Beach doesn't need a huge capex program to deliver gas in LNG-sized quantities. It already has infrastructure to sell every gigajoule into a gas-hungry market on the east coast, and can effectively self-fund well after well.

Regardless of whether Chevron is on or out, Beach will be selling much more conventional gas into the east coast market (via the Cooper Basin Joint Venture) and almost certainly meaningful volumes of unconventional gas.

A question mark remains over the cost of unconventional production, particularly with the prospect that oil-linked LNG pricing could create less upward pressure on east coast prices than anticipated.

But the odds still favour development. The Nappamerri Trough is a banquet of unconventional opportunities and Beach and Chevron are homing in on lower-cost sweet spots such as the Daralingie Formation.

If Chevron decides against stage 2 of the joint venture, SGH might just see any resulting weakness in Beach's share price as an opportunity to increase its stake from 13.8%.

The more intriguing aspect of link between SGH and Beach is the intersection of their east coast gas interests.

SGH last year famously won a long battle for control of Nexus. It is fair to say some analysts were puzzled by the selection of the troubled junior as SGH's first foray into oil and gas.

Nexus' only producing asset is the Longtom field in Bass Strait, which has been bedeviled by operational problems and reservoir downgrades.

The financial viability of Longtom is also handicapped by the fact that it is not a market-facing project. Gas production is processed and marketed by Santos at its Orbost plant under a contract that winds up in late 2018.

SGH's interest in Nexus makes much more sense if you think about partnering up with Bass Strait neighbour Cooper Energy.

And lo and behold, Cooper's largest shareholder with an 18.4% stake and frequent project partner is Beach Energy. Cooper is quietly putting together an important new conventional gas hub in the east coast market.

Under a deal announced just before Christmas, Cooper is earning from Santos a 50% interest in the 200PJ Sole field and the Orbost gas plant by funding the first $50 million of modifications to switch from Longtom to Sole feedstock.

Combined with a $2.5 million payment upfront, Cooper is earning a very strategic position and significant gas reserves at an effective cost of $27.5 million.

First gas from Sole is planned for late 2018, with Cooper's share at about 12PJ per annum.

That could double very quickly if Cooper succeeds in bringing on stream its Basker-Manter-Gummy gas project. Cooper holds 65% of the project, with Beach holding the remaining 35%.

The Orbost plant would once again be the logical choice for processing BMG gas, although this would need an expansion of current capacity of 30PJ per annum.

With Sole and BMG in production, Cooper would achieve a 10-fold increase in energy production from its current annual level of about 500,000 barrels of oil.

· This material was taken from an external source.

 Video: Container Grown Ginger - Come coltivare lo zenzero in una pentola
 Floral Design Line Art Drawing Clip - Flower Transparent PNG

That would clearly be a huge win for Cooper's shareholders, but it would also represent a meaningful new gas source for east coast, equivalent to about 15% of today's output from Exxon-BHP Gippsland Basin joint venture.

But what if someone with deep pockets like SGH stepped into the picture and had much grander plans?

Longtom still has 2P reserves of 110PJ. And far from being a sunset asset, there are those with the view that Longtom could be just the first of several producing gas fields in the sands of the Emperor subgroup.

Then there is Bass Strait Oil Company, in which Cooper has a 20% stake. The junior explorer has two permits in the vicinity that have large, undrilled gas structures.

With a bit of vision and some exploration success, it is possible to imagine Orbost as the basis of a major new hub for conventional gas production on the east coast.

That will take capital, which Cooper does not have by virtue of its size, but SGH has in spades. And it will also take some form of partnership or takeover, which brings us right back to the start of the story.

Whichever way the SGH strategy unfolds, we may not have to wait long to see how Voelte plays his cards.